Defendant Holifield and non-party Gabriel co-founded XRI Investment Holdings LLC to explore uses for non-potable water sources in the oil and gas industry. In August 2016, Holifield and Gabriel sold a controlling interest in XRI to certain funds affiliated with an investment bank. As a result of the sale, the funds held Class A units while Holifield and Gabriel held Class B units.
In 2018, Holifield attempted to use his Class B units to secure a loan to XRI. Such a pledge of units required board approval, per XRI’s limited liability company agreement (the LLC Agreement), and Holifield learned that the five-member board of XRI was unlikely to approve the pledge. As a result, Holifield explored alternative structures with the aid of employees of XRI, eventually deciding to proceed by using a special purpose vehicle (SPV). Holifield created an SPV, called GH Blue Holdings, LLC (Blue), effected a “Permitted Transfer” of his Class B units, and, in turn, used those units to facilitate a loan to XRI (the XRI Loan). Under the LLC Agreement, a “Permitted Transfer” was designed to allow unitholders to transfer units for estate planning purposes.
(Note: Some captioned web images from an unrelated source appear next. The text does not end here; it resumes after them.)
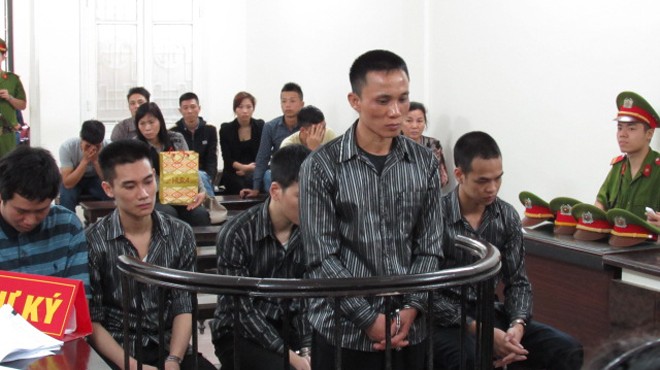 Can không được thì bắn Các bị cáo tại toà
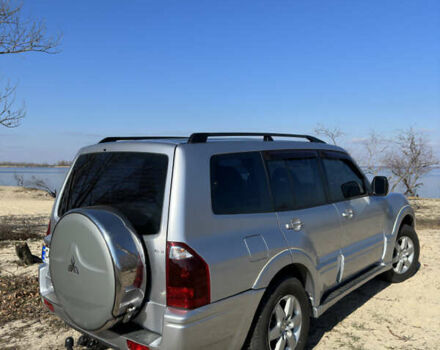 Сірий Міцубісі Паджеро, об'ємом двигуна 3.5 л та пробігом 200 тис. км за 7350 $, фото 3 на Automoto.ua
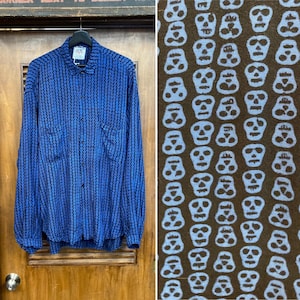 Chemise club en rayonne à manches longues et tête de mort gothique New Wave des années 1980, vintage des années 1980, chemise des années 1980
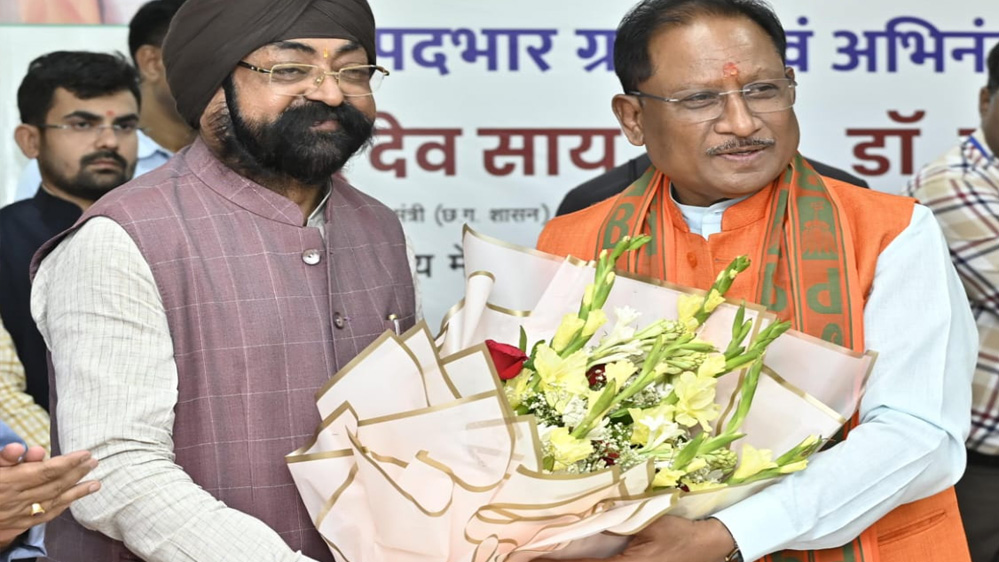 मुख्यमंत्री विष्णु देव साय क्रेडा के नवनियुक्त अध्यक्ष भूपेंद्र सवन्नी के पदभार ग्रहण समारोह में हुए शामिल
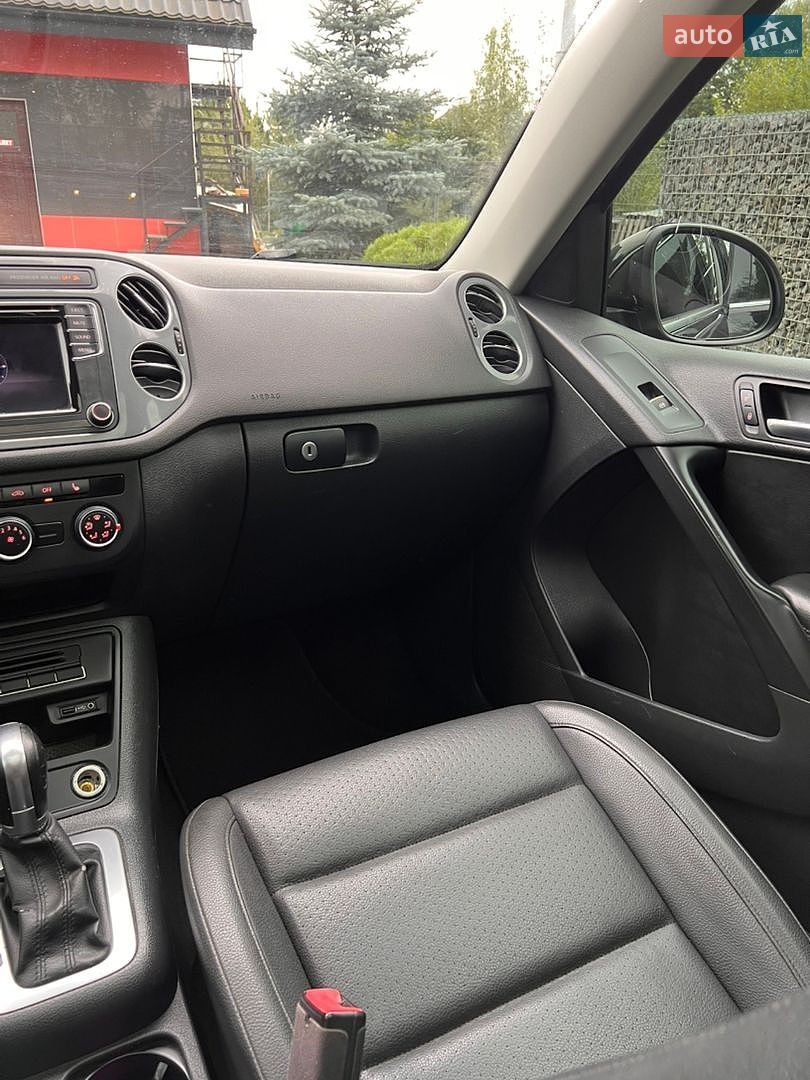 Volkswagen Tiguan 2016 VIN WVGSV7AX8HK009703 фото оголошення 19 з 22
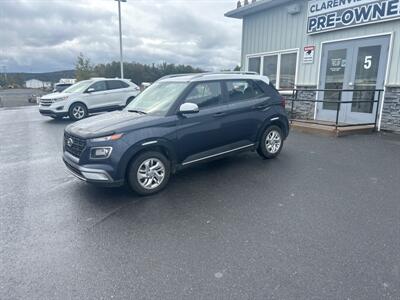 2023 Hyundai VENUE Prefered   - Photo 2 - Clarenville, NL A5A 2C4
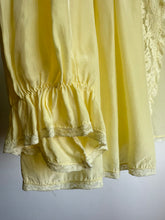 Load image into Gallery viewer, 1930’s / 1940’s yellow lace bed coat

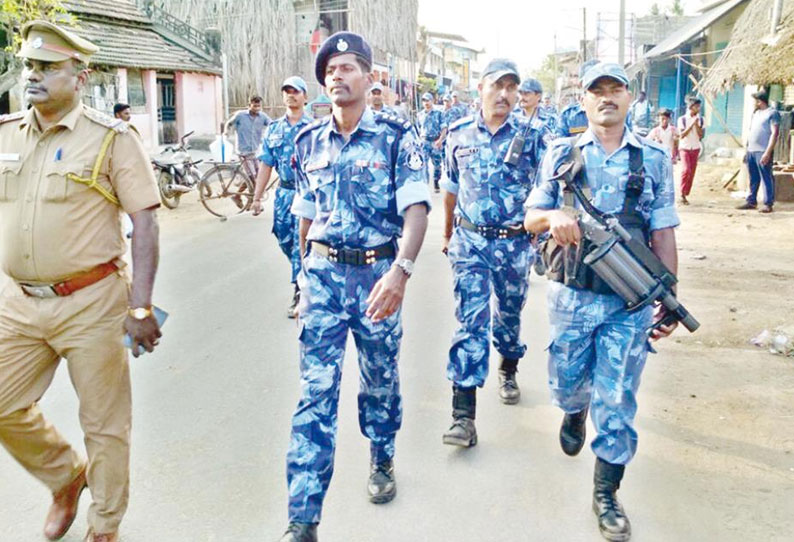 கூத்தாநல்லூர், கொரடாச்சேரியில் மத்திய பாதுகாப்பு படை போலீசார் அணிவகுப்பு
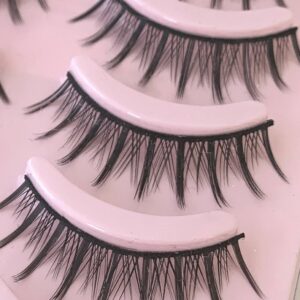 Eyelashes R01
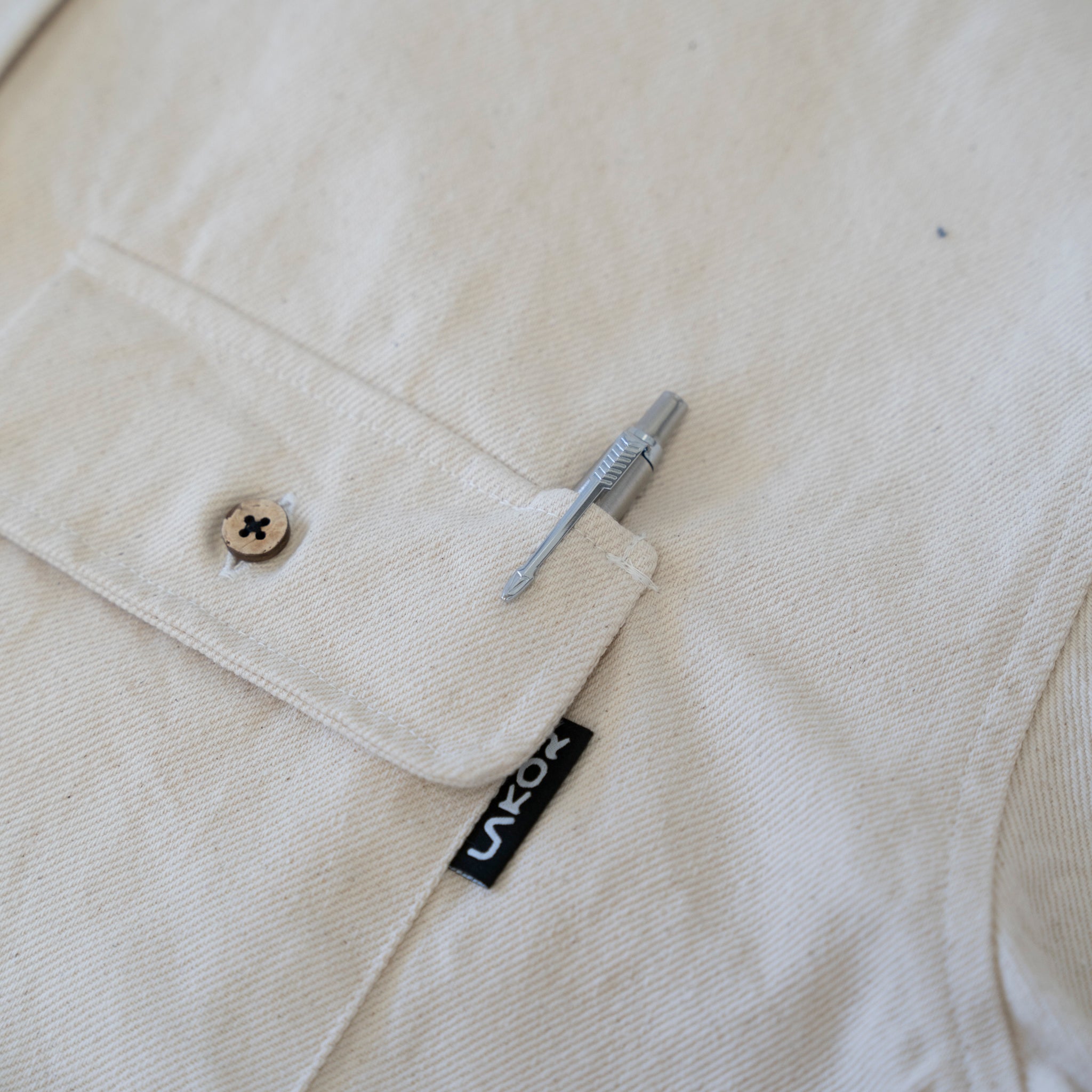 Knokkel Shirt (Creme)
In August 2020, however, Holifield defaulted on the XRI Loan. Various litigation ensued, including the case that led to this decision from the Delaware Court of Chancery. In this litigation, XRI asserted a claim for breach of contract against Blue and Holifield for breaching the LLC Agreement. The trial took place in June 2022. Following the trial, the court found that XRI proved that Holifield violated the No Transfer Provision in the LLC Agreement, even though it considered the outcome inequitable based on the defense of acquiescence.
XRI based its breach of contract claim on two theories: first, that Holifield’s transfer of his Class B united violated the provisions of the LLC Agreement prohibiting the transfer of units (the No Transfer Provision); and second, that XRI also argued that Holifield’s transfer to Blue violated the LLC Agreement’s prohibition on encumbering units (No Encumbrance Provision). The court focused on the No Transfer Provision theory and declined to reach the issue of the No Encumbrance Provision because it found that XRI did not prove that such a violation would affect the outcome of the case.
Regarding the No Transfer Provision theory, the court found that Holifield could not prove that the transfer of his Class B units to Blue was “made without consideration,” one of the elements required for the transfer to be a Permitted Transfer. Because Holifield could not do so, XRI stated a claim for breach of contract.
Holifield asserted several defenses, including that the doctrine of acquiescence barred XRI’s request for relief. The court found that Holifield proved acquiescence, but that acquiescence was nevertheless unavailable to Holifield based on the language of the LLC Agreement. Specifically, the court found acquiescence based on the actions of XRI and its employees, who knew that Holifield was seeking to use his units to raise capital, helped Holifield develop structures that would permit him to do so, and failed to say anything about the transfer to Blue for years after it occurred. After a lengthy academic discussion, the court also concluded that acquiescence, an equitable defense, was available to Holifield in an action at law.
Unfortunately for Holifield, the LLC Agreement provided that if a transfer violated the No Transfer Provision, it was “void,” and Delaware Supreme Court precedent prohibited the court from applying equitable defenses because “void” means void ab initio. As a result, the court entered judgment in XRI’s favor, but found that the result was inequitable based on the evidence demonstrating XRI’s acquiescence. The court found that the outcome was “disquieting to a court of equity,” and proceeded to lay out reasoning to allow for the application of equitable defenses in cases where a contract is void ab initio. The court was clear: “No one should be misled. The approach suggested by this decision does not currently reflect Delaware law.” The court proceeded to set out an alternative framework for the Delaware Supreme Court to consider. That rationale would “restrict determinations that acts were void ab initio to those acts that contravene limitations imposed by the state, not agreements by private parties” and would “apply regardless of the language used in the parties’ contract.” In the view of the court, the regime would avoid outcomes that are “contrary to the equities of the case,” such as the outcome in XRI.
Authored by Ryan Philp, Michael Hefter, and Allison Wuertz.